So when he tried to defend himself on this one charge that doesn’t even apply to him, the judge, Emma Arbuthnot, virtually shut him up. And that was really the end of it. It was meant to be a brief hearing in which future dates for the case were agreed. But you got a real sense, a real flavor, of, if not a done deal, then a very, very long uphill road for Julian Assange and his lawyers.
GREG WILPERT: So why do you think Home Secretary Sajid Javid was so eager to extradite Assange? And given this eagerness, how likely do you think that these extradition hearings against Assange will be fair?
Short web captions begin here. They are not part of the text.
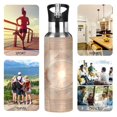 thumbnail image 5 of Water Bottles 34oz Straw Lid Wide Mouth Stainless Steel for School Sport Travel Abstract Rose Beige Geometric, 5 of 9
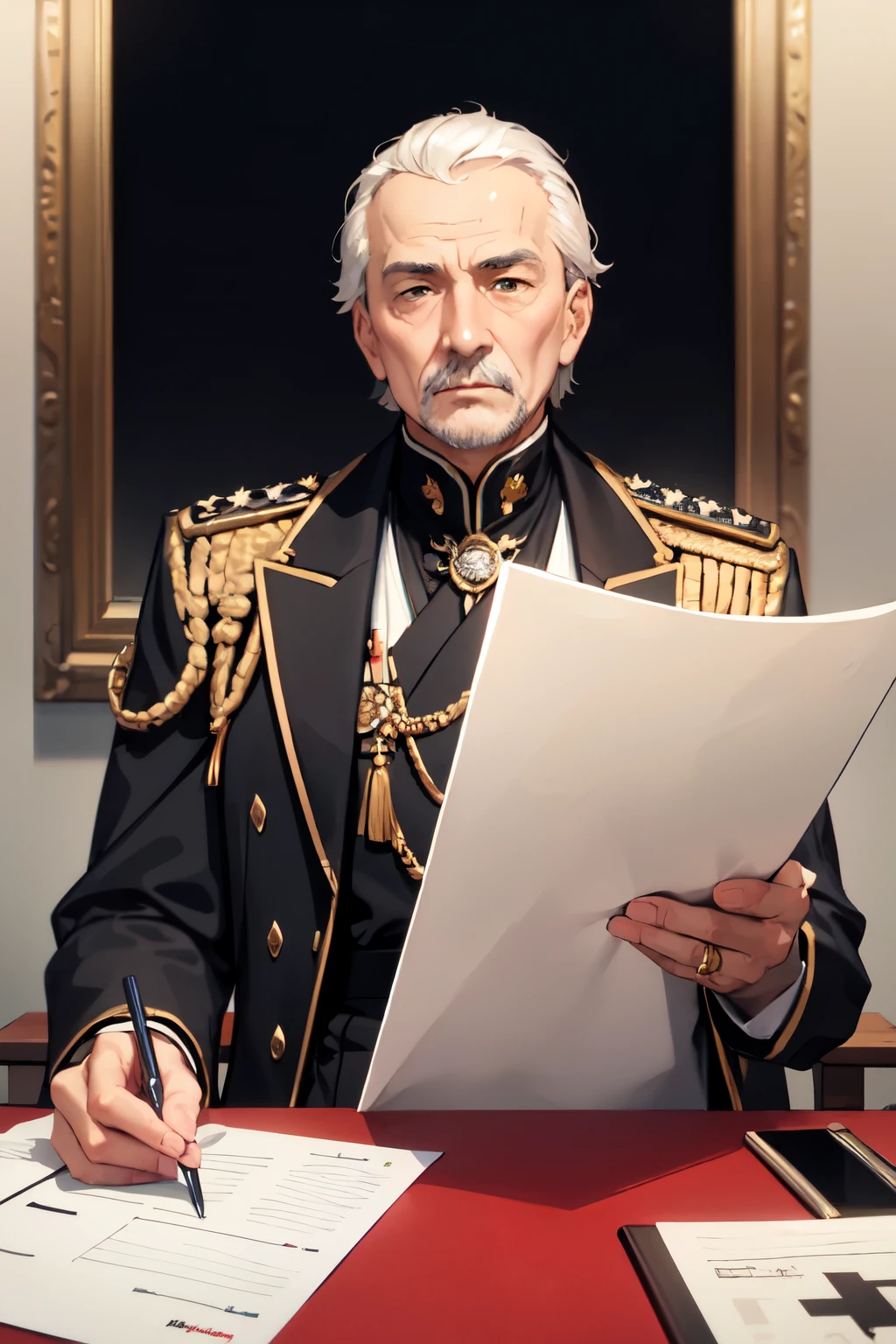 ((best quality)), ((masterpiece)), (detailed), perfect face
Emperor, , in black imperial outfit, old, in his office, planning a strategy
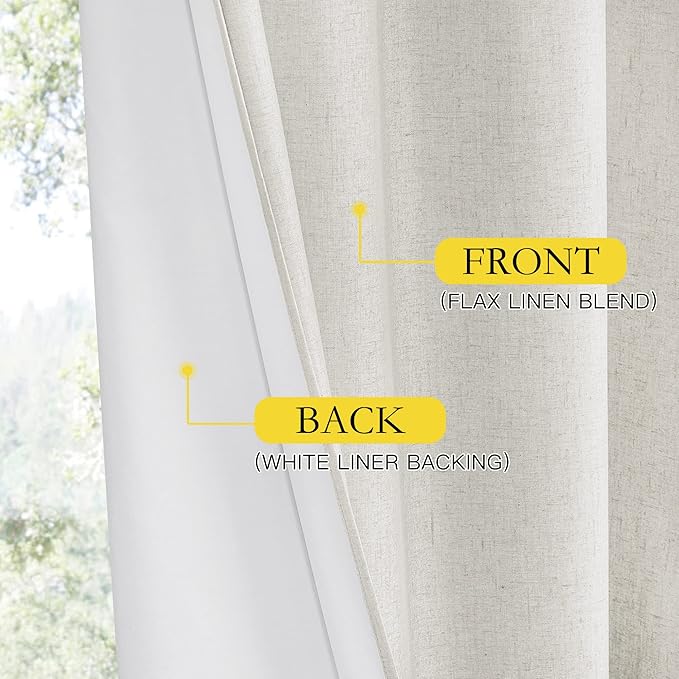 NICETOWN Extra Long Linen 100% Blackout Curtains 120 inches Length 2 Panels Set with Thermal Insulated Liners, Ivory, 62" Width, Farmhouse Style Window Draperies for Patio Sliding Glass Door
JOHN PILGER: It’s very difficult to know. I don’t think these initial extradition hearings will be fair at all, no, because the first–this one last Friday, for the reasons I’ve outlined, was not fair. He can’t–he’s not allowed to defend himself. He’s not given access to a computer so that he can–so that he can access the documents and files that he needs. I think where it will change is if the lower court, the magistrate’s court that is dealing with it now and will deal with it over the next almost nine, ten months, if they decide to extradite Julian Assange, his lawyers will appeal. And it will go up to the High Court. And if necessary, eventually, to the Supreme Court here in the UK. And I think it’s there in the High Court where he may well–I say ‘may’–get justice. That’s a cautiously optimistic view. But I think he’s he’s most likely to get it there. He certainly won’t get it the United States. There’s no indication of that.
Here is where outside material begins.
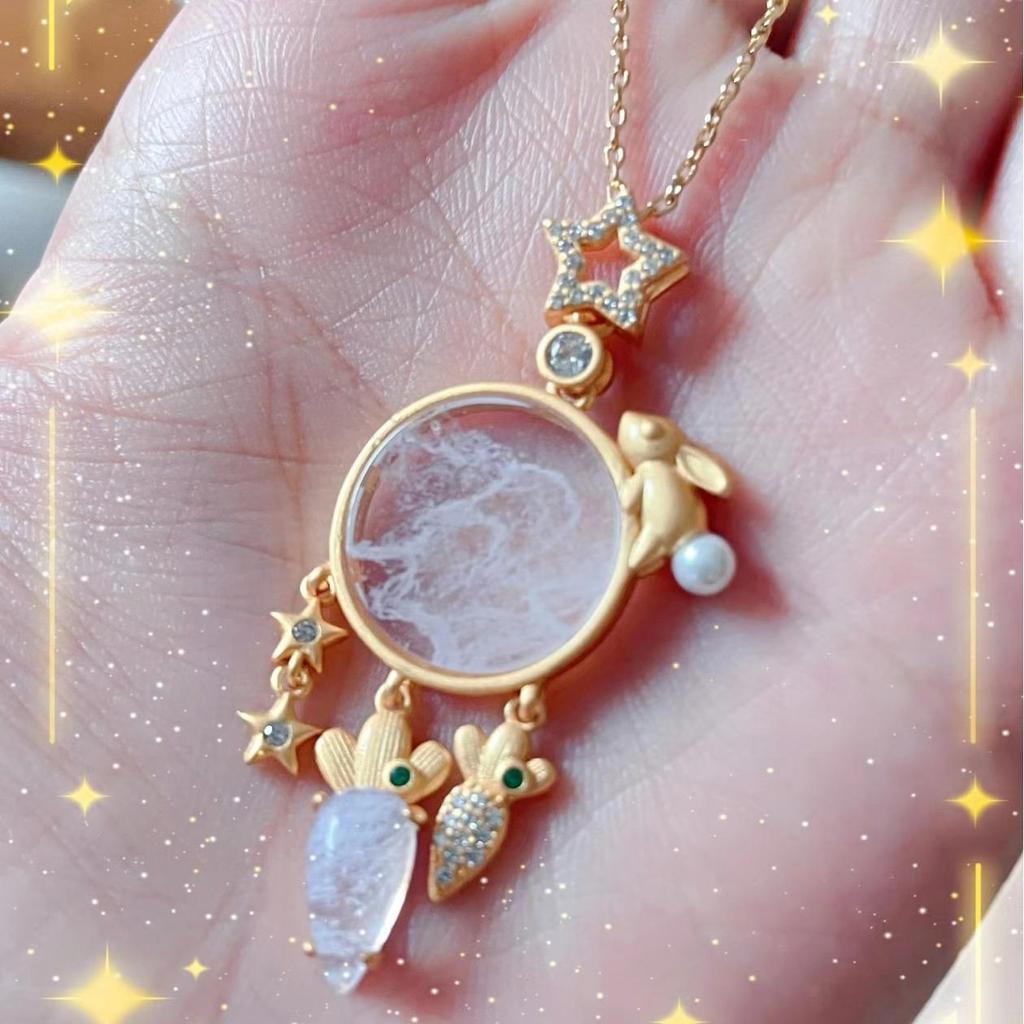 Jade Rabbit and Radish Planet Pendant Necklace - Charming Fairy Tale Design, Handmade and Unique Gift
GREG WILPERT: Actually, I’ve heard also that there was a similar case not too long ago in which the extradition hearings took almost three years. But eventually the Supreme Court did prevent the extradition from the UK to the U.S. But turning to another issue, Assange, just like yourself, is an Australian citizen. Has the Australian government done anything to protect Assange, as far as you know?
JOHN PILGER: No. It’s a very short answer to that, Greg. They’ve done absolutely nothing. And in fact, they’ve done the converse. It was Prime Minister Julia Gillard in 2011 who decided that WikiLeaks had performed a criminal act, and the Australian Federal Police had pointed out to Prime Minister Gillard that there was no such crime. So they were eager to help convict Julian Assange of these concocted crimes, and have fully cooperated, I would say colluded, with the U.S. in seeing this case get to the stage it has now.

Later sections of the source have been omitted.